Rigshospitalet, Copenhagen University Hospital, Inge Lehmanns Vej 7, 2100 Copenhagen, Denmark.
Department of Cardiology and Cardiothoracic Surgery, Turku University Hospital, Turku, Finland.
Eur Heart J. 2024 Oct 5;45(37):3804-3814. doi: 10.1093/eurheartj/ehae331.
Transcatheter aortic valve implantation (TAVI) has become the first choice to treat older patients with severe symptomatic aortic stenosis (AS). This study aimed to compare TAVI with surgery in low-risk patients ≤75 years of age, including both tricuspid and bicuspid AS.

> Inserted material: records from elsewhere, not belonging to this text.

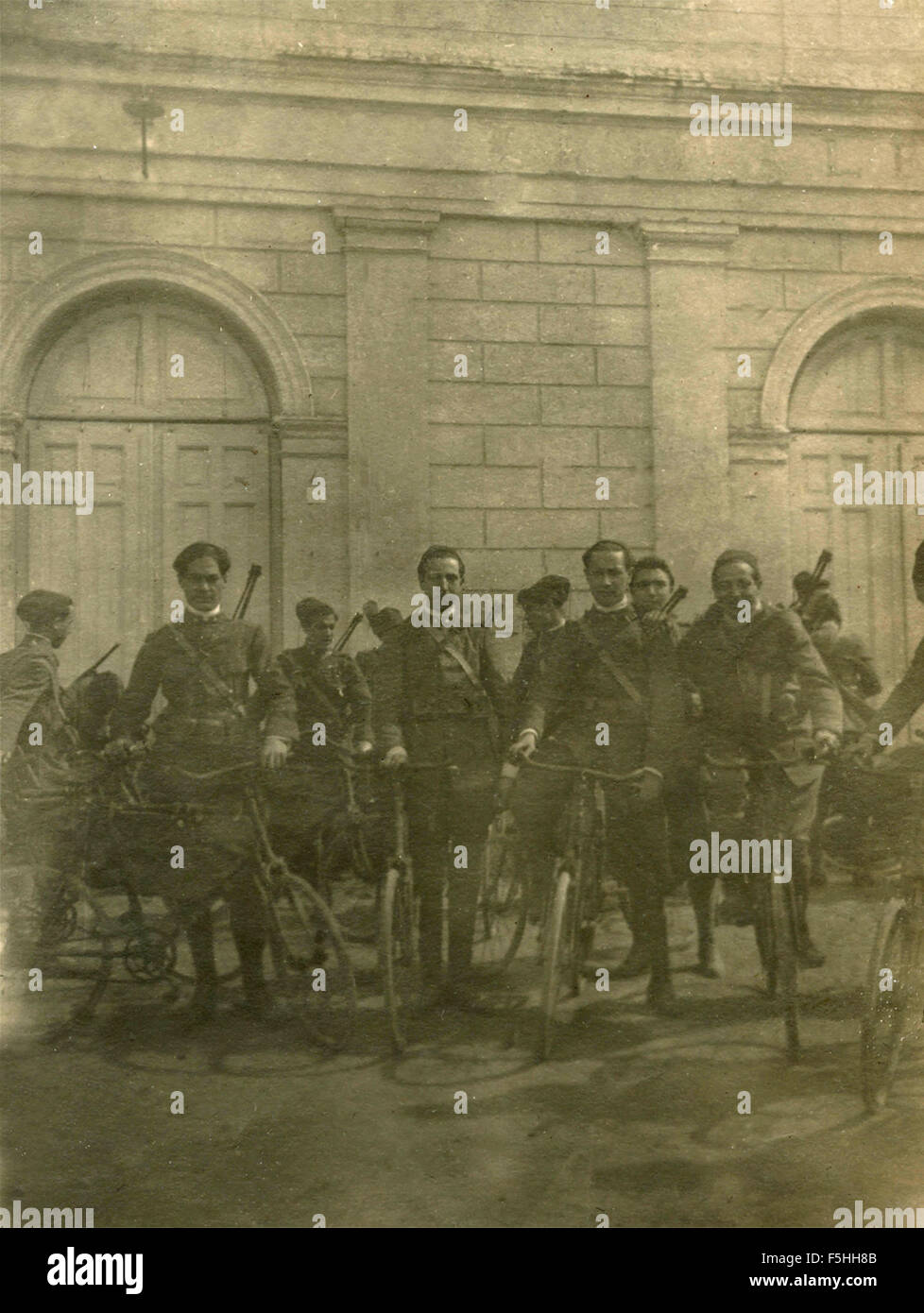 Sharpshooters ciclisti del Regio esercito italiano Foto Stock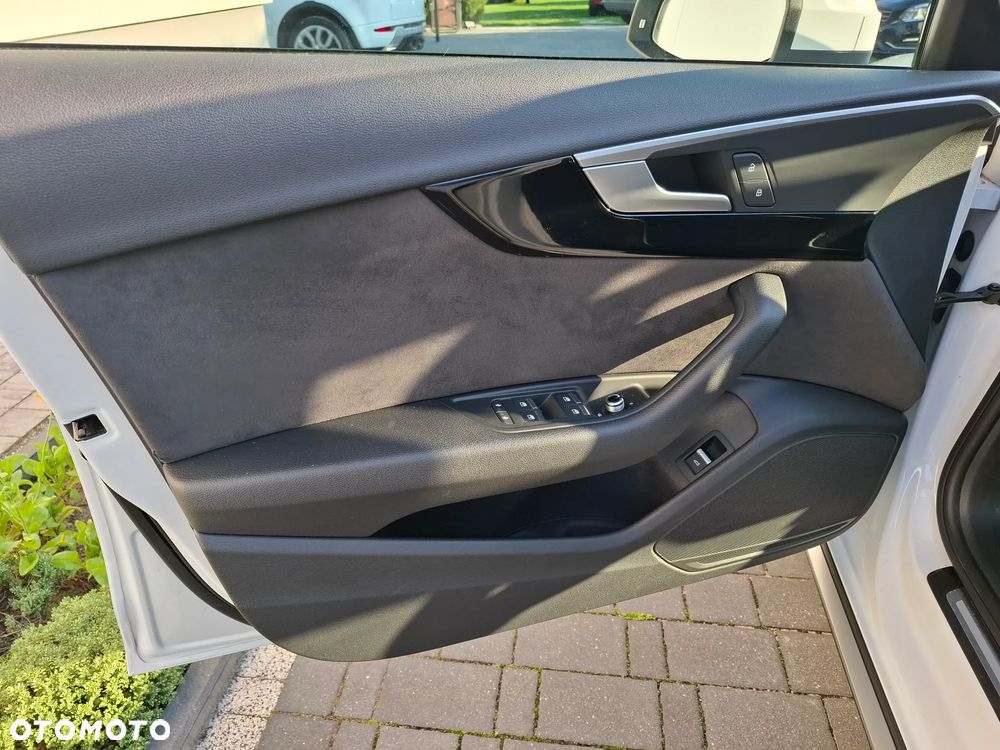 Audi A4 Allroad - 11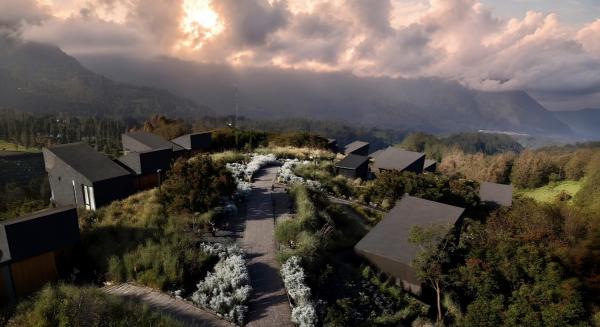 Dari Mentigen, Wisatawan Bisa Menikmati Bromo dengan Cara Berbeda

The Nordic Aortic Valve Intervention (NOTION)-2 trial enrolled and 1:1 randomized low-risk patients aged ≤75 years with severe symptomatic AS to TAVI or surgery. The primary endpoint was a composite of all-cause mortality, stroke, or rehospitalization (related to the procedure, valve, or heart failure) at 12 months.

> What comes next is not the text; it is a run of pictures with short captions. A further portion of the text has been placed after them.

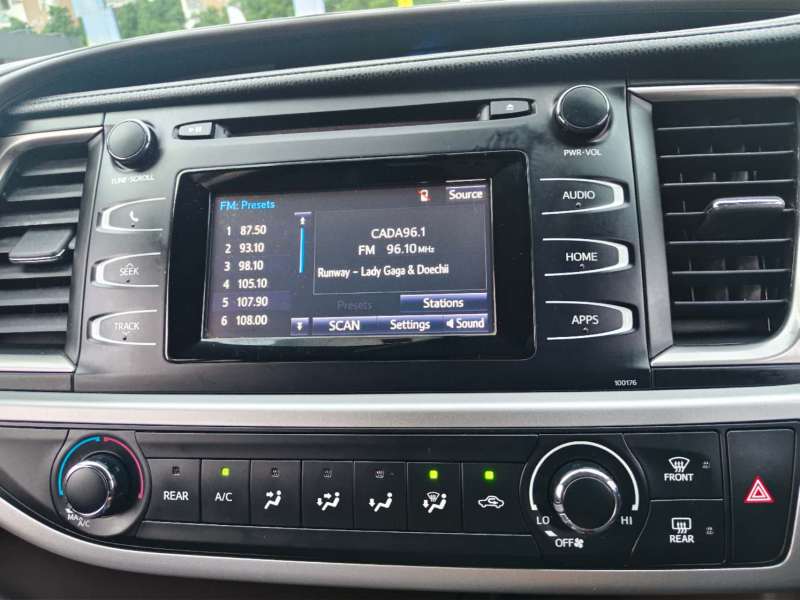 2014 TOYOTA KLUGER GX , 7seats, low kilometers, well maintained, $ 18999 Great family suv.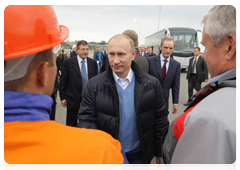 Prime Minister Vladimir Putin inspecting construction of the road between Adler and Krasnaya Polyana|13 october, 2010|18:29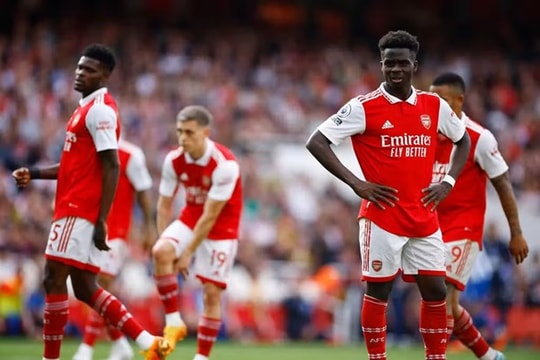 Arsenal "đầu hàng" Man City trong cuộc đua vô địch Premier League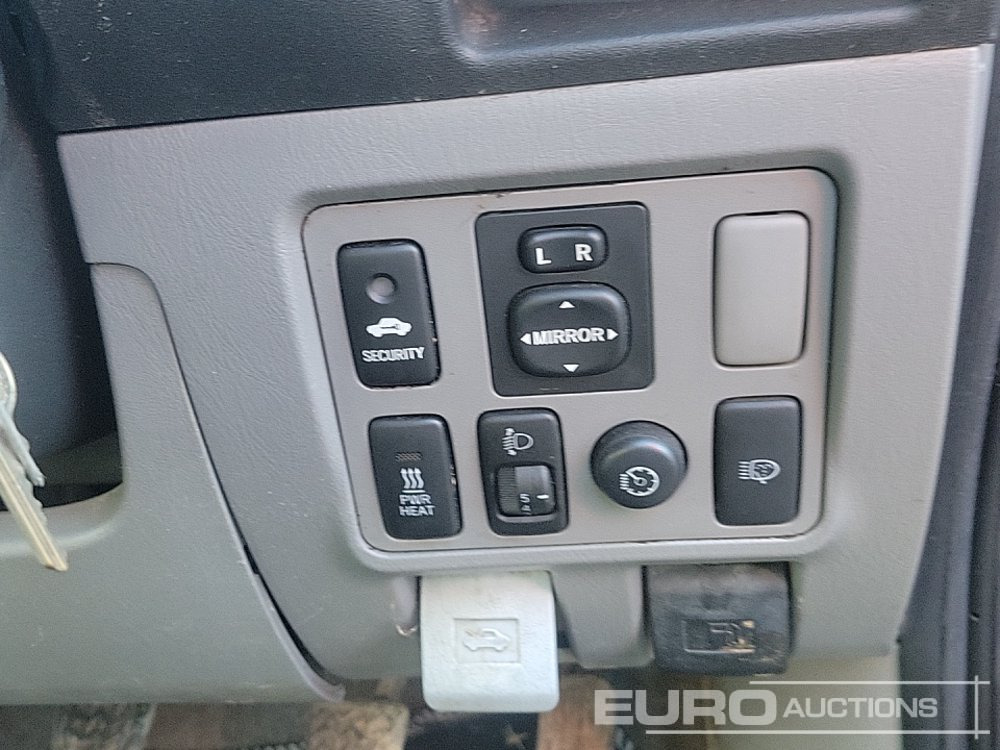 شاحنة البيك أب 2010 Toyota Hilux Invincible: صورة 32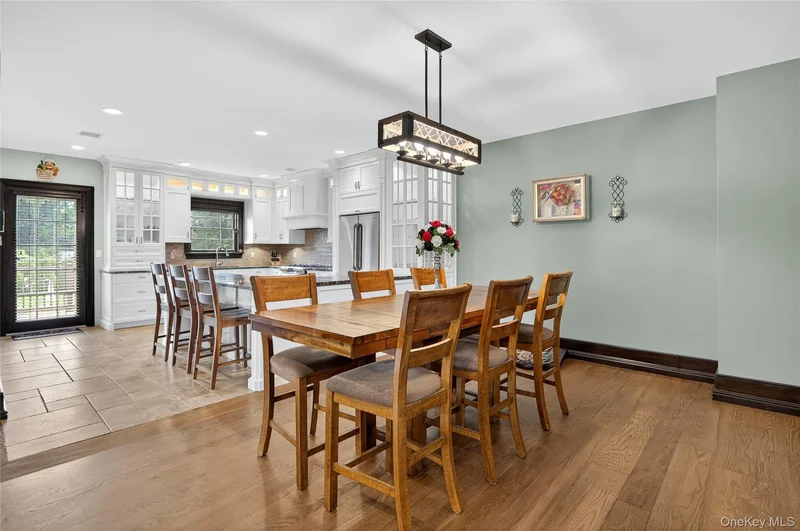 23 Gloria Lane, Huntington, NY 11743, Halesite, New York, United States. - Photo 31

A total of 370 patients were enrolled with a mean age of 71.1 years and a median Society of Thoracic Surgeons risk score of 1.1%. A total of 100 patients had bicuspid AS. The 1-year incidence of the primary endpoint was 10.2% in the TAVI group and 7.1% in the surgery group [absolute risk difference 3.1%; 95% confidence interval (CI), -2.7% to 8.8%; hazard ratio (HR) 1.4; 95% CI, 0.7-2.9; P = .3]. Patients with TAVI, when compared to surgery, had lower risk of major bleeding and new-onset atrial fibrillation and higher risk of non-disabling stroke, permanent pacemaker implantation, and moderate or greater paravalvular regurgitation. The risk of the primary composite endpoint was 8.7% and 8.3% in patients with tricuspid AS (HR 1.0; 95% CI, 0.5-2.3) and 14.3% and 3.9% in patients with bicuspid AS (HR 3.8; 95% CI, 0.8-18.5) treated with TAVI or surgery, respectively (P for interaction = .1).
Among low-risk patients aged ≤75 years with severe symptomatic AS, the rate of the composite of death, stroke, or rehospitalization at 1 year was similar between TAVI and surgery. Transcatheter aortic valve implantation outcomes in young bicuspid AS patients warrant caution and should be further investigated. (NOTION-2, ClinicalTrials.gov, NCT02825134).
ClinicalTrials.gov NCT02825134.
经导管主动脉瓣置换术(TAVI)已成为治疗高龄、严重症状性主动脉瓣狭窄(AS)患者的首选方法。本研究旨在比较 TAVI 与手术在低危患者(年龄≤75 岁)中的疗效,包括三尖瓣和二叶式主动脉瓣狭窄患者。
北欧经导管主动脉瓣介入治疗(NOTION)-2 试验纳入了年龄≤75 岁、严重症状性 AS 的低危患者,以 1:1 比例随机分组,分别接受 TAVI 或手术治疗。主要终点是 12 个月时全因死亡率、卒中和再住院(与手术过程、瓣膜或心力衰竭相关)的复合终点。
共纳入 370 例患者,平均年龄 71.1 岁,胸外科医生协会风险评分中位数为 1.1%。共 100 例患者为二叶式主动脉瓣狭窄。TAVI 组和手术组的 1 年主要终点发生率分别为 10.2%和 7.1%[绝对风险差 3.1%;95%置信区间(CI):-2.7%至 8.8%;风险比(HR)1.4;95%CI:0.7-2.9;P=.3]。与手术组相比,TAVI 组的大出血和新发心房颤动风险较低,而非致残性卒中和永久性起搏器植入以及中重度瓣周漏的风险较高。三尖瓣 AS 患者的主要复合终点发生率为 8.7%和 8.3%(HR 1.0;95%CI:0.5-2.3),二叶式主动脉瓣狭窄患者为 14.3%和 3.9%(HR 3.8;95%CI:0.8-18.5)(P 交互=.1)。
在年龄≤75 岁、严重症状性 AS 的低危患者中,TAVI 与手术治疗 1 年时的死亡、卒中和再住院复合终点发生率相似。TAVI 在年轻二叶式主动脉瓣狭窄患者中的应用结果需要谨慎,并需要进一步研究。(NOTION-2,ClinicalTrials.gov,NCT02825134)。
ClinicalTrials.gov NCT02825134。